L’organisation de la continuité des échelles est à réinventer en prenant comme impératif la nécessité de la solidarité internationale. Le local implique la liaison entre les territoires et les institutions démocratiques de proximité, la redéfinition d’un municipalisme d’émancipation. Le niveau national implique la redéfinition du politique, de la représentation et de la délégation dans la démocratie, le renforcement de l’action publique et le contrôle démocratique du pouvoir d’Etat. Les grandes régions sont les espaces des politiques environnementales, géoculturelles et de la multipolarité. Le niveau mondial est celui de l’urgence écologique, des institutions internationales, du droit international qui doit s’imposer par rapport au droit des affaires, de la liberté de circulation et d’installation et des droits des migrants.

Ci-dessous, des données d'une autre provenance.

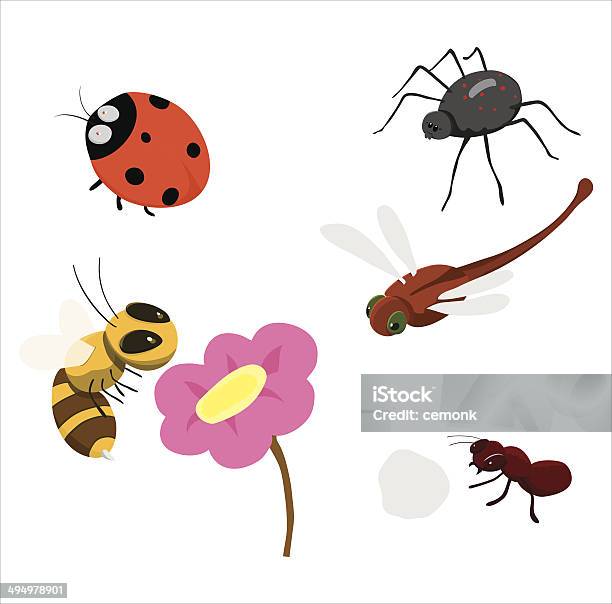 Vector Insect Comic Insect Vector Stock Illustration - Download Image Now - Ant, Cartoon ...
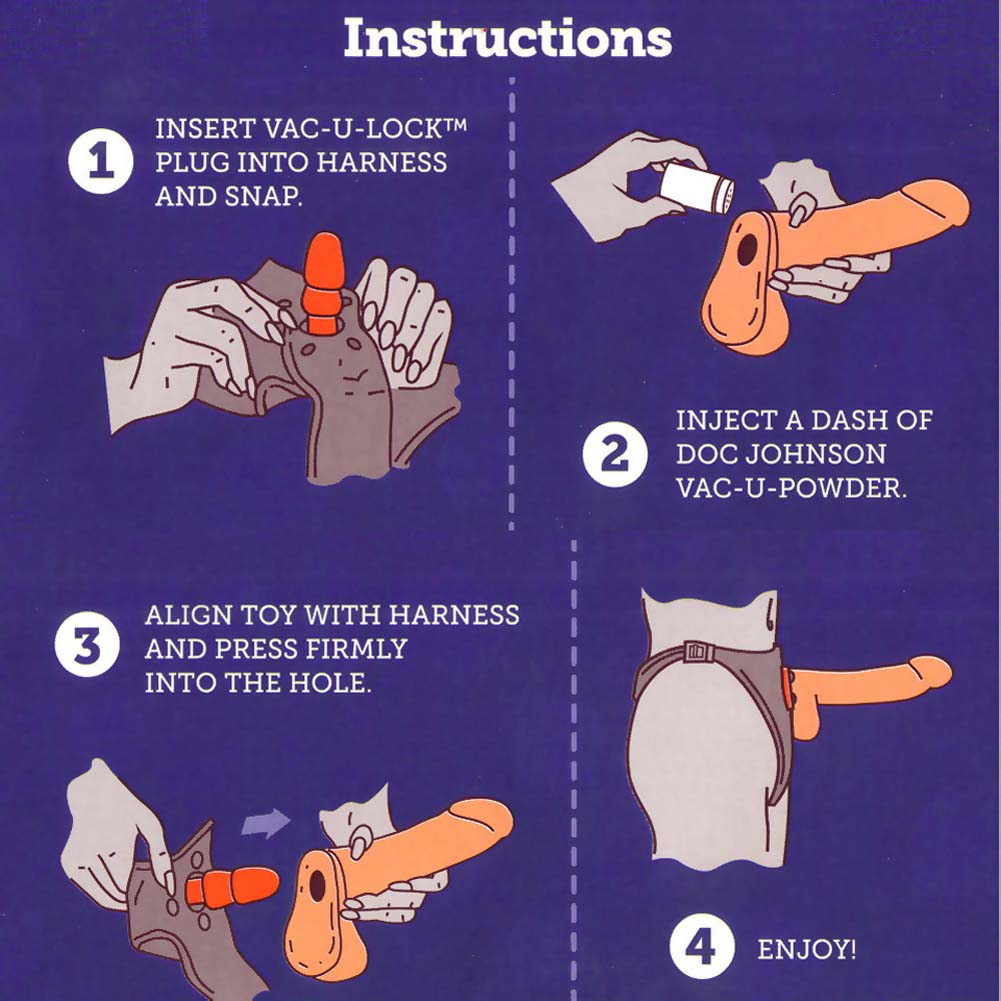 Vac-U-Lock Double Penetration Strap On Dildo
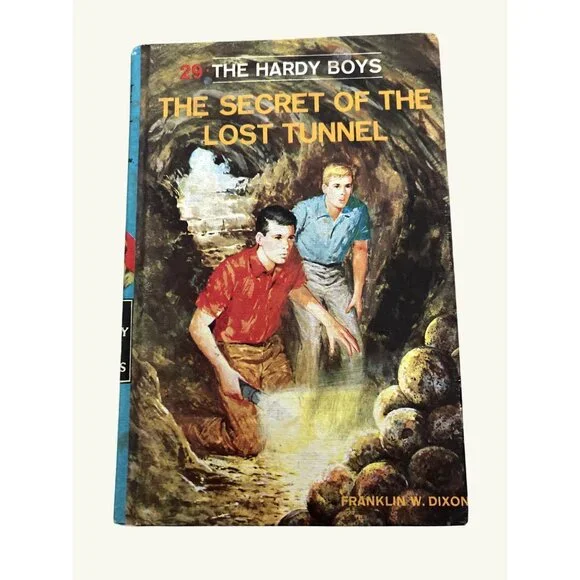 The Hardy Boys Series: The Secret Of The Lost Tunnel Number 29 Vintage - Picture 1 of 16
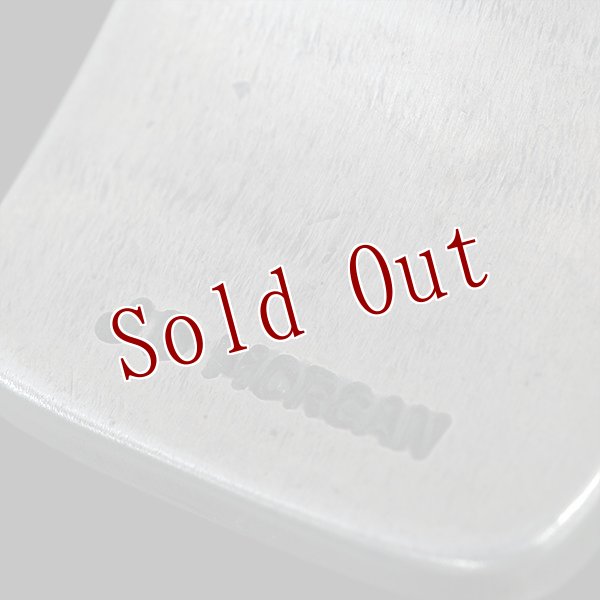 画像9: ナバホ族 Jacob D. Morgan 3/4” Bi-curve Repousse バングル (9)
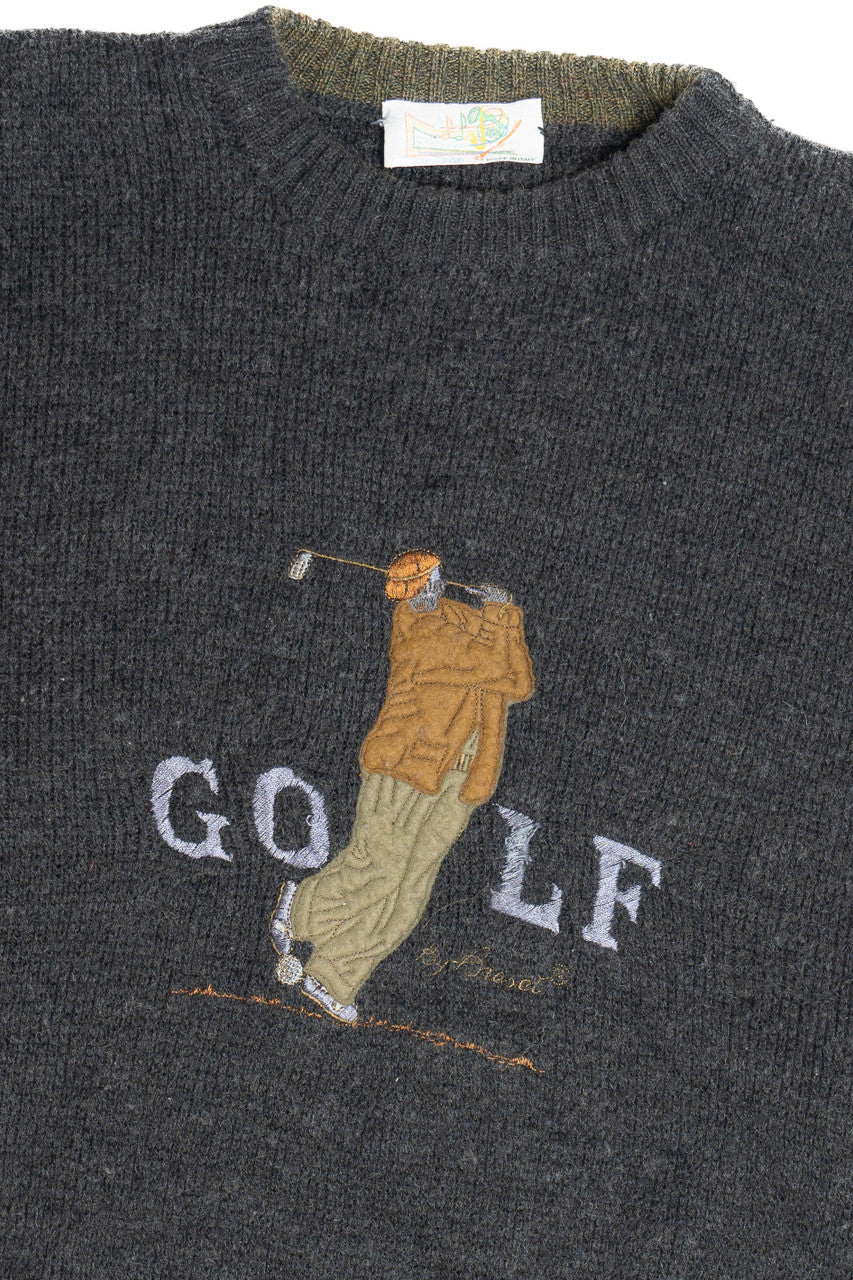 Vintage "Golf" Embroidered Sweater (1980s)
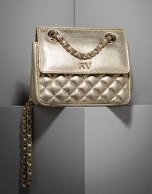 Gold leather Ghauri mini shoulder bag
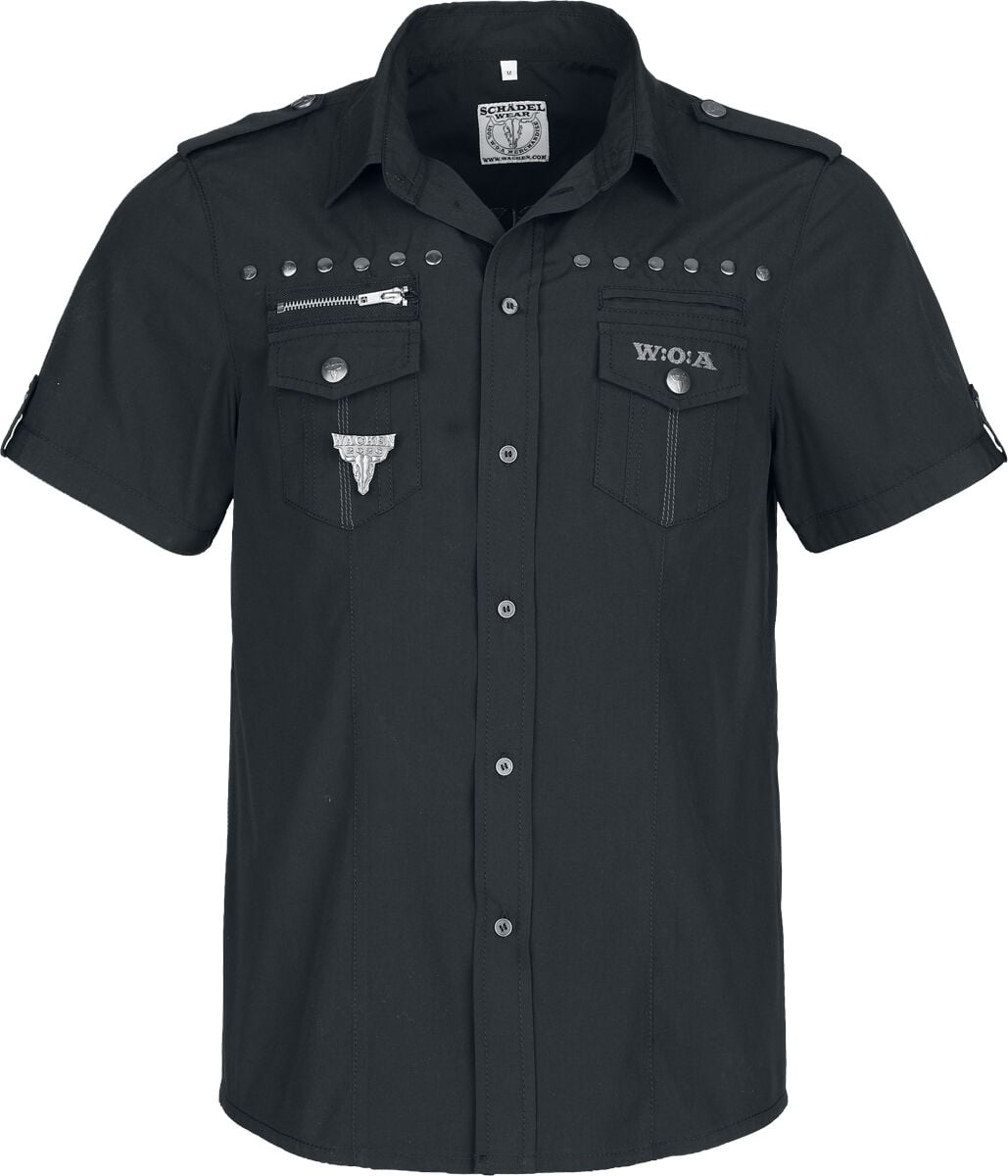 Chemise manches courtes  de Wacken Open Air - Wacken - S à 4XL - pour Homme - noir - Wacken Open Air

Le mouvement de solidarité internationale est formé par les mouvements sociaux et citoyens. Il met en avant le respect de la diversité des mouvements. La mise en avant de contradictions principales ne justifie pas la subordination de certains mouvements à d’autres. C’est ce que signifie l’intersectionnalité qui ne se limiterait pas aux rapports entre classes, genres et origines. L’évolution des mouvements est aussi à interroger. Dans les forums sociaux, le débat a été engagé sur l’ongéisation des mouvements et la différenciation entre mouvements de mobilisations et mouvements d’influence par rapport à des pouvoirs étatiques ou d’entreprises. Cette tendance a été renforcée par les Fondations qui sont, avec leurs contradictions, les formes d’un capitalisme philantropique. Le partenariat doit être interrogé en tant que concept et en tant que pratique. Des changements culturels considérables sont à l’œuvre qui vont marquer le mouvement de solidarité internationale. Particulièrement, les nouvelles formes générationnelles d’engagement et les changements dans le rapport individuel/collectif
Repenser le développement, c’est redéfinir les stratégies de changement social. Le mouvement social de solidarité international rappelle que la transformation de chaque société ne peut pas être envisagée en dehors du changement du monde. Il s’appuie sur un droit international construit autour du respect des droits fondamentaux. Il propose, en lieu et place d’une définition du développement fondée sur la croissance productiviste, une concurrence illimitée et des formes de domination, une stratégie de la transition écologique, sociale, démocratique et géopolitique.
La démarche proposée est de partir de la stratégie des mouvements sociaux et citoyens. De proposer à tous les mouvements, et aux réseaux internationaux de mouvements, de définir leur stratégie par rapport aux changements et aux ruptures qui caractérisent la situation actuelle et de mettre en évidence la dimension internationale de ces stratégies. La nouvelle phase de l’altermondialisme pourra être définie et construite à partir des stratégies des mouvements sociaux et citoyens et de leurs réseaux internationaux.